### RECORDS FOR THIS EXERCISE
────────────────────
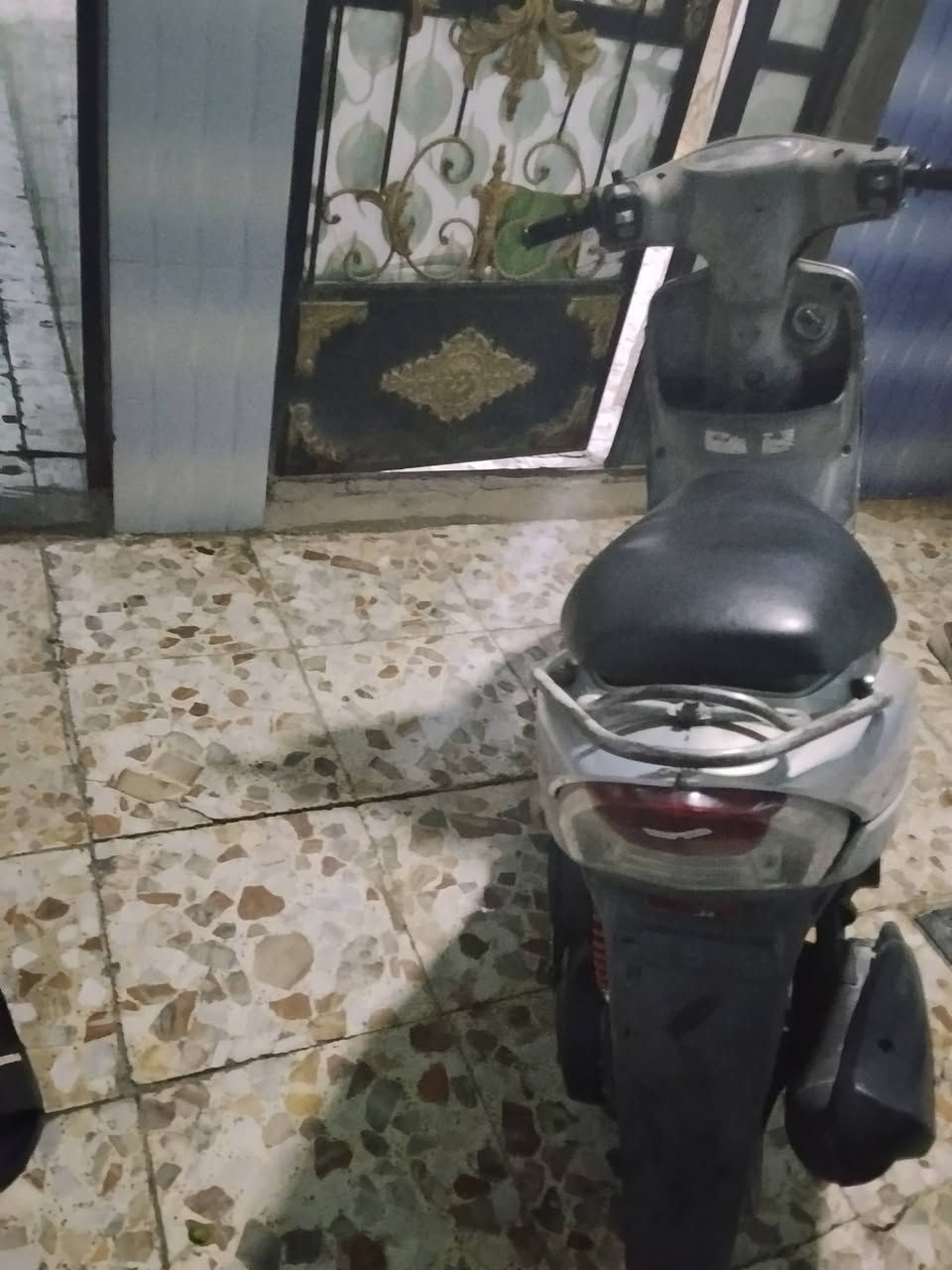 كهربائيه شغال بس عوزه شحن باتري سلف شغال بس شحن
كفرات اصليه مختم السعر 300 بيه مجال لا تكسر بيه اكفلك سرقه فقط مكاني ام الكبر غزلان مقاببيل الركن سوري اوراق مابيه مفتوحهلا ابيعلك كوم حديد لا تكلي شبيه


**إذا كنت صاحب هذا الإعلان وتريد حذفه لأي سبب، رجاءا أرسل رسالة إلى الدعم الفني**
────────────────────
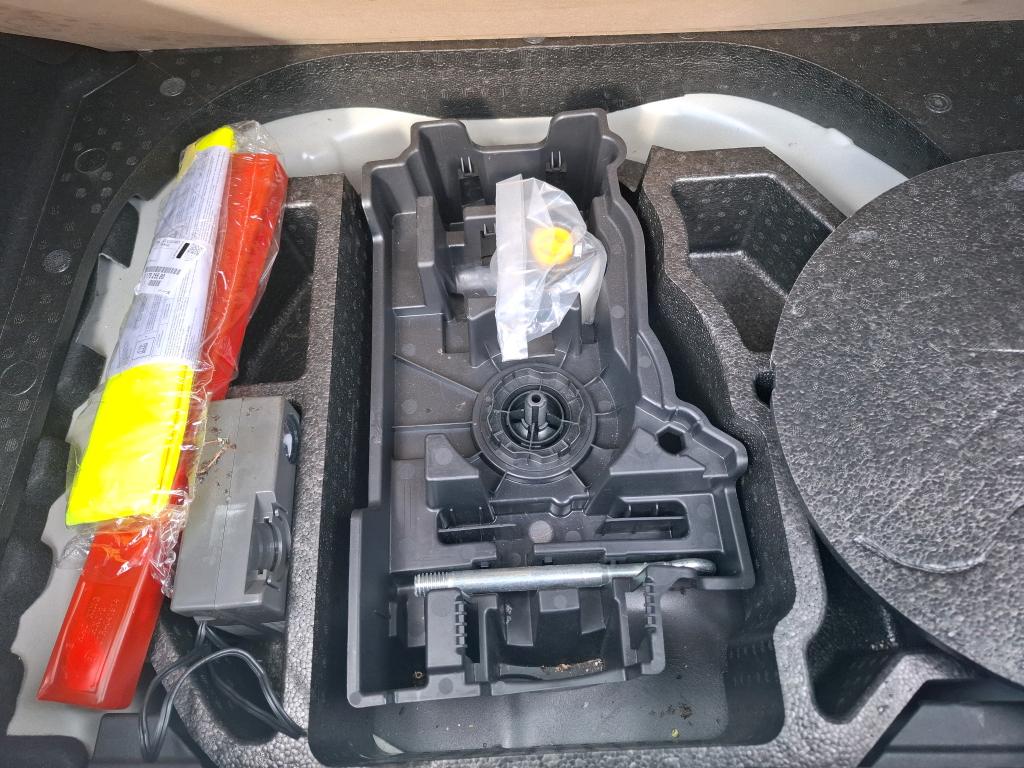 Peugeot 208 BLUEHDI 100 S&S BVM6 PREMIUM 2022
────────────────────
### EXERCISE REQUIREMENTS
Starting with the line that holds "كفرات اصليه مختم" and ending with the line that holds "إلى الدعم الفني**", retype every line in the data above exactly, and nothing else.

### EXERCISE RESPONSE
كفرات اصليه مختم السعر 300 بيه مجال لا تكسر بيه اكفلك سرقه فقط مكاني ام الكبر غزلان مقاببيل الركن سوري اوراق مابيه مفتوحهلا ابيعلك كوم حديد لا تكلي شبيه


**إذا كنت صاحب هذا الإعلان وتريد حذفه لأي سبب، رجاءا أرسل رسالة إلى الدعم الفني**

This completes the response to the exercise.